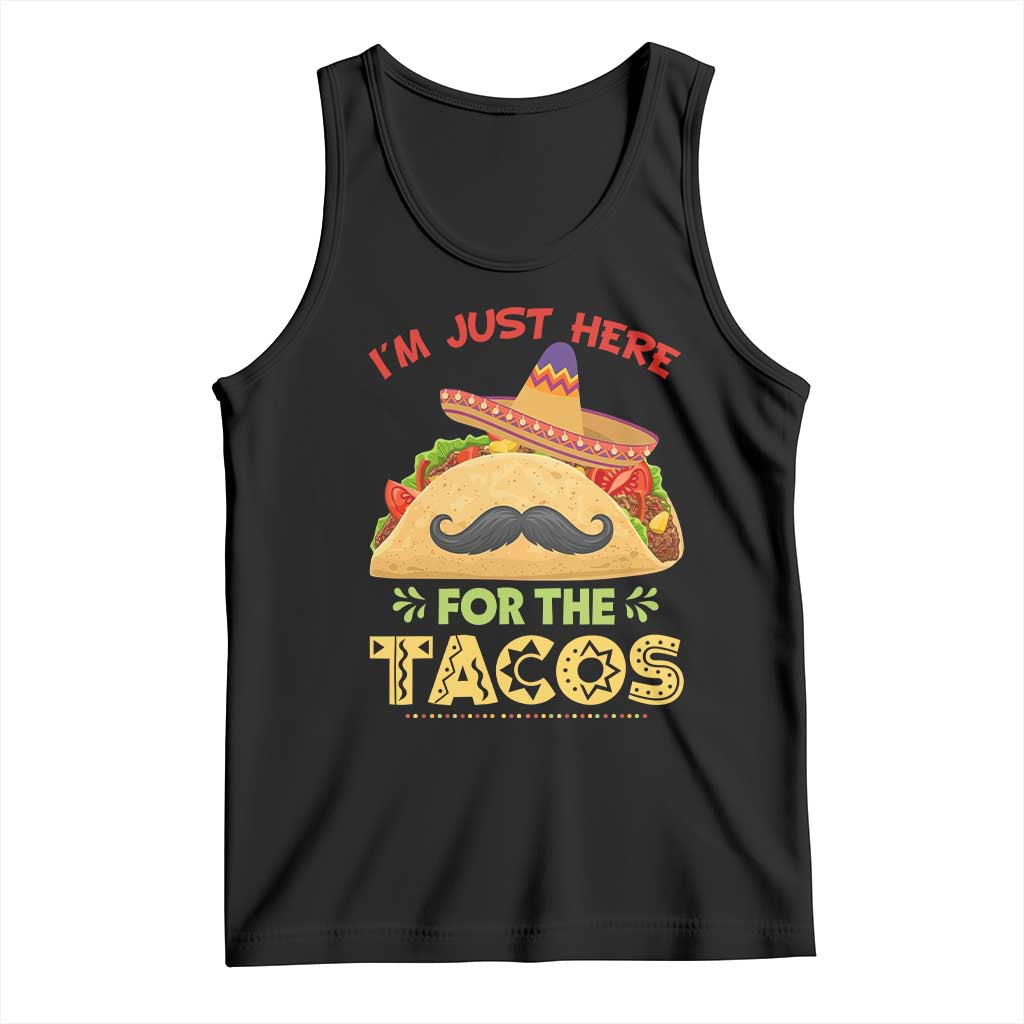 Funny Cinco De Mayo Taco Tank Top Just Here For The Tacos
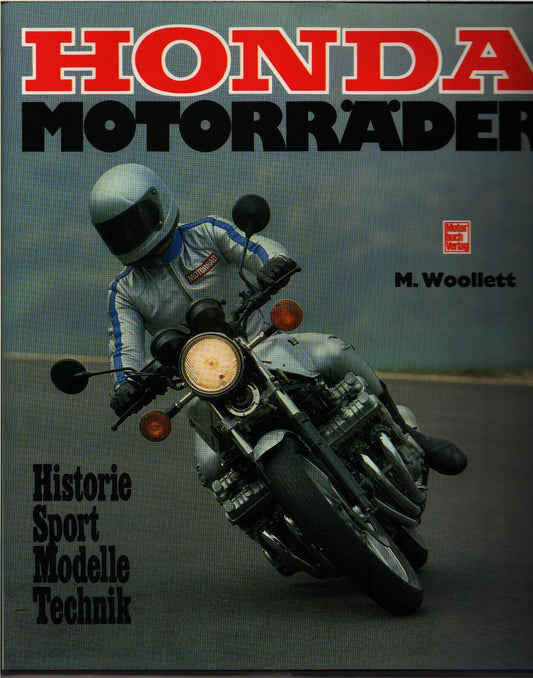 Honda-Motorräder. Historie, Sport, Modelle, Technik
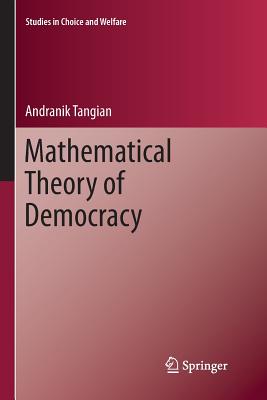 Mathematical Theory of Democracy - Tangian, Andranik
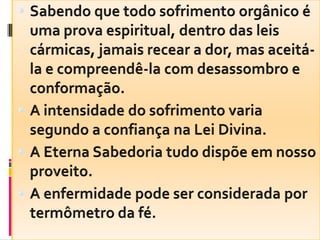 Sabendo que todo sofrimento orgânico é uma prova espiritual, dentro das leis cármicas, jamais recear a dor, mas aceitá-la e compreendê-la com desassombro e conformação.A intensidade do sofrimento varia segundo a confiança na Lei Divina.A Eterna Sabedoria tudo dispõe em nosso proveito.A enfermidade pode ser considerada por termômetro da fé.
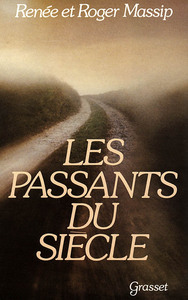 LES PASSANTS DU SIECLE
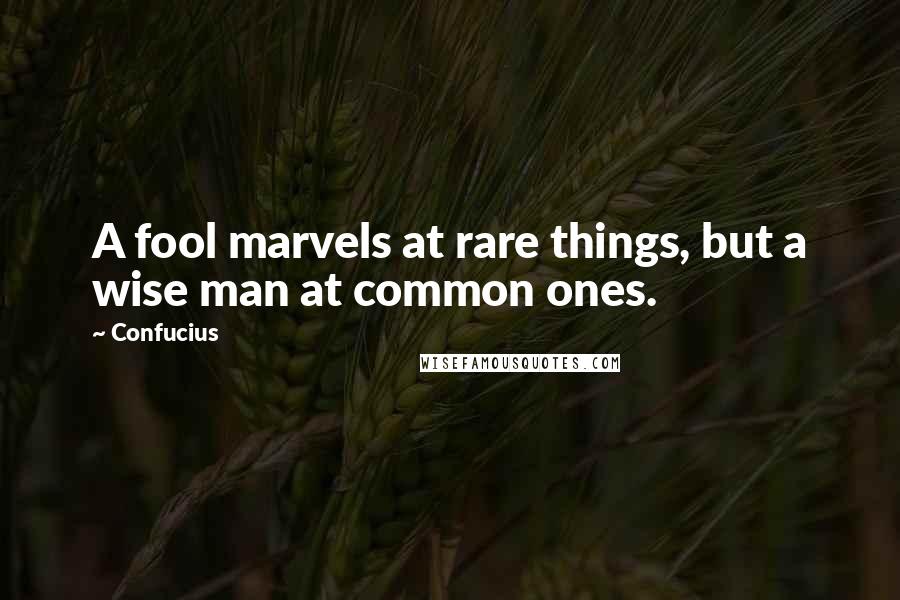 Confucius Quotes: A fool marvels at rare things, but a wise man at common ones.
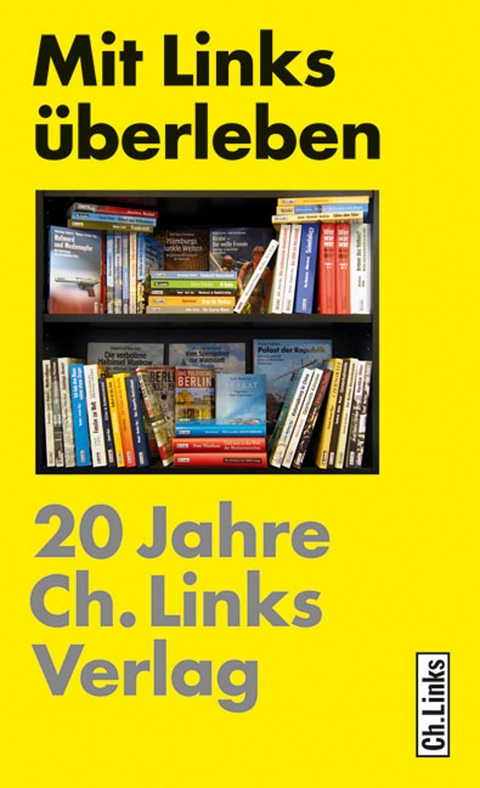 Mit Links &uuml;berleben - 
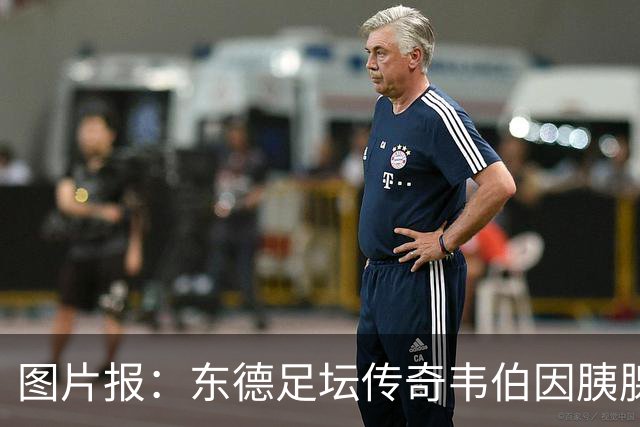 图片报：东德足坛传奇韦伯因胰腺癌去世，享年61岁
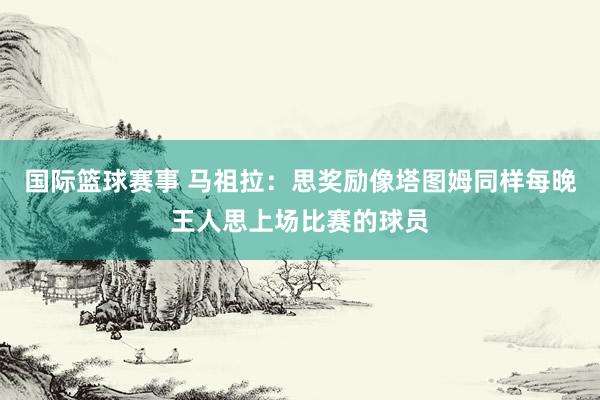 国际篮球赛事 马祖拉：思奖励像塔图姆同样每晚王人思上场比赛的球员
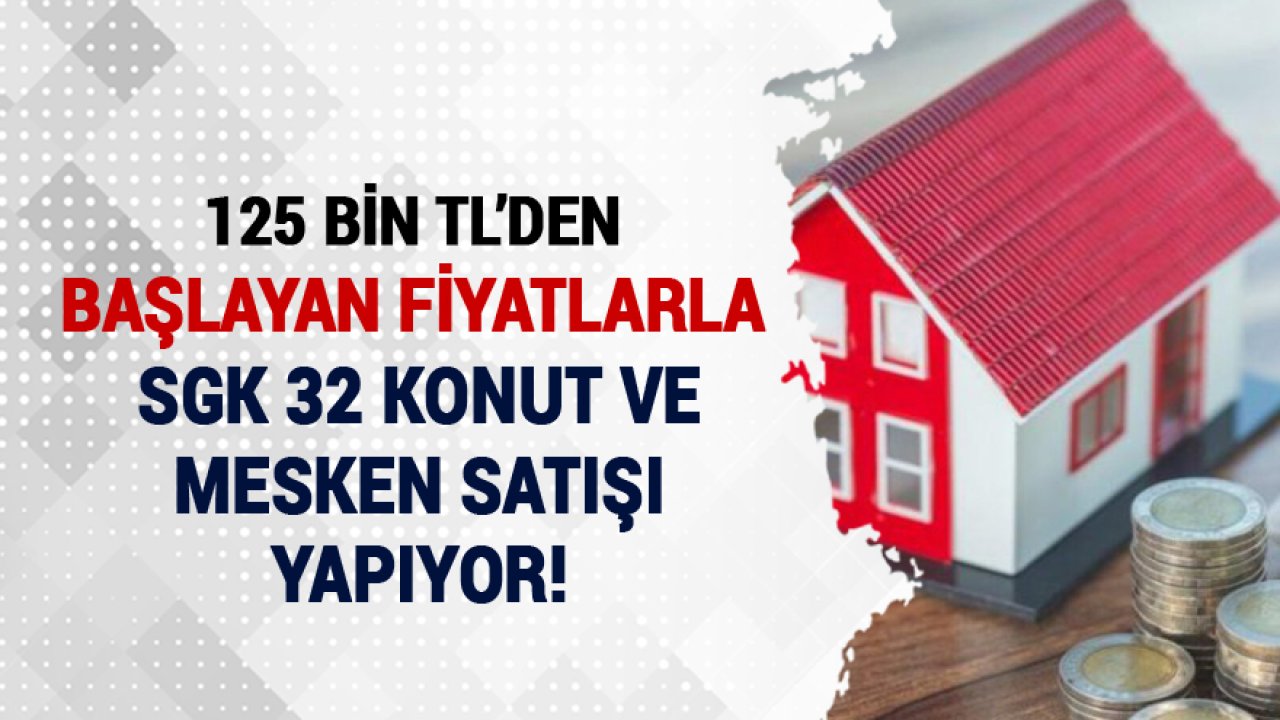 125 Bin TL'den Başlayan Fiyatlarla SGK Tarafından 32 Konut Ve Mesken Satışı Yapılıyor!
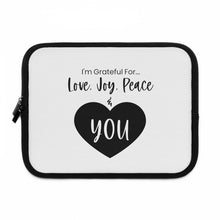 Load image into Gallery viewer, "I'm Grateful For Love, Joy, Peace & You" Laptop Sleeve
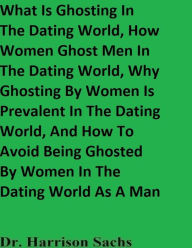 Title: What Is Ghosting In The Dating World, How Women Ghost Men In The Dating World, And How To Avoid Being Ghosted By Women, Author: Dr. Harrison Sachs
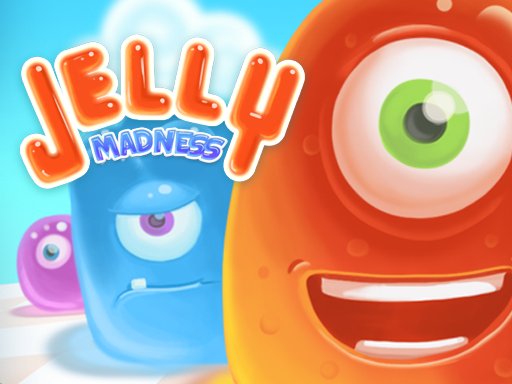 Jelly Madness — colorful jelly blocks ready to be matched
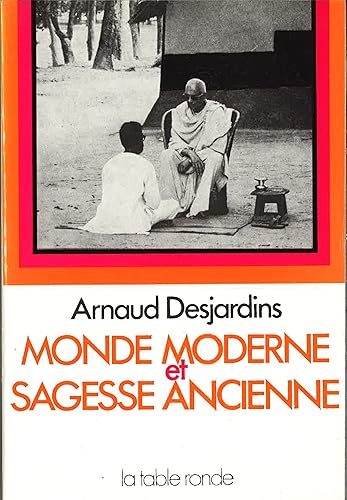 Monde moderne et sagesse ancienne
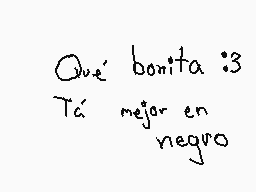 Drawn comment by 「Abel」
"Qué bonita :3 Tá mejor en negro"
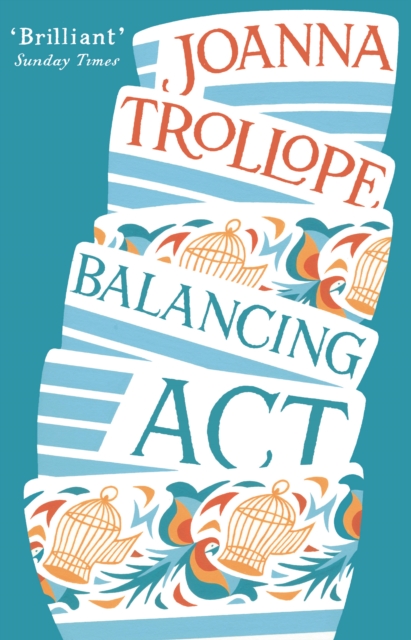 Balancing Act : an absorbing and authentic novel from one of Britain’s most popular authors, Paperback / softback Book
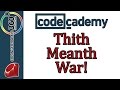 Learn Ruby with Codecademy: Control Flow with Ruby: Thith Meanth War!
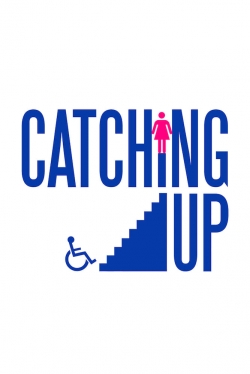 watch free Catching Up hd online
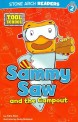 Sammy Saw and the Campout (Paperback)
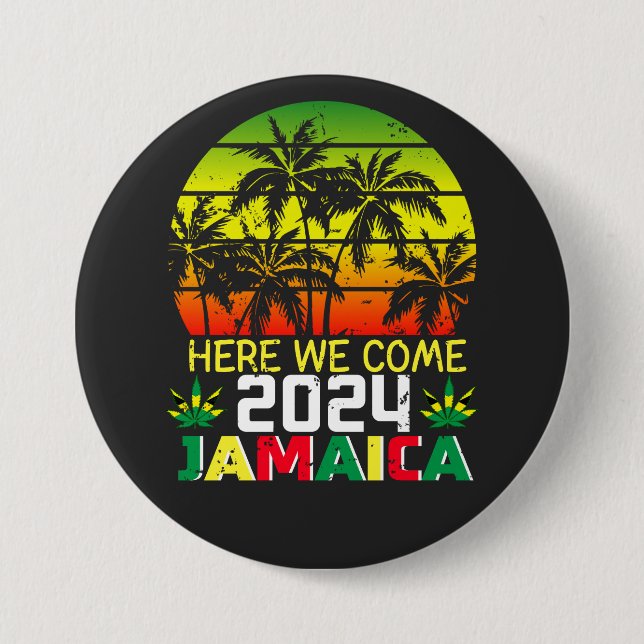 Badge Rond 7,6 Cm Jamaïque 2024 Ici, nous arrivons (Devant)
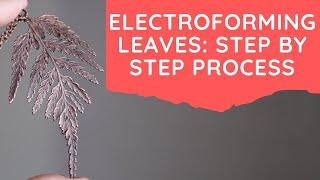 Electroforming Leaves Step By Step Process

* * * * * * * * *

_Exercise aim_:
If a picture sits between the line containing "Sabendo que todo" and the line containing "Badge Rond 7,6", leave it out, and return the lines of that range above exactly, both ends included.

_Result for this task_:
 Sabendo que todo sofrimento orgânico é uma prova espiritual, dentro das leis cármicas, jamais recear a dor, mas aceitá-la e compreendê-la com desassombro e conformação.A intensidade do sofrimento varia segundo a confiança na Lei Divina.A Eterna Sabedoria tudo dispõe em nosso proveito.A enfermidade pode ser considerada por termômetro da fé.
 LES PASSANTS DU SIECLE
 Confucius Quotes: A fool marvels at rare things, but a wise man at common ones.
 Mit Links &uuml;berleben - 
 图片报：东德足坛传奇韦伯因胰腺癌去世，享年61岁
 国际篮球赛事 马祖拉：思奖励像塔图姆同样每晚王人思上场比赛的球员
 125 Bin TL'den Başlayan Fiyatlarla SGK Tarafından 32 Konut Ve Mesken Satışı Yapılıyor!
 Load image into Gallery viewer, "I'm Grateful For Love, Joy, Peace & You" Laptop Sleeve
 Title: What Is Ghosting In The Dating World, How Women Ghost Men In The Dating World, And How To Avoid Being Ghosted By Women, Author: Dr. Harrison Sachs
 Jelly Madness — colorful jelly blocks ready to be matched
 Monde moderne et sagesse ancienne
 Drawn comment by 「Abel」
"Qué bonita :3 Tá mejor en negro"
 Balancing Act : an absorbing and authentic novel from one of Britain’s most popular authors, Paperback / softback Book
 Learn Ruby with Codecademy: Control Flow with Ruby: Thith Meanth War!
 watch free Catching Up hd online
 Sammy Saw and the Campout (Paperback)
 Badge Rond 7,6 Cm Jamaïque 2024 Ici, nous arrivons (Devant)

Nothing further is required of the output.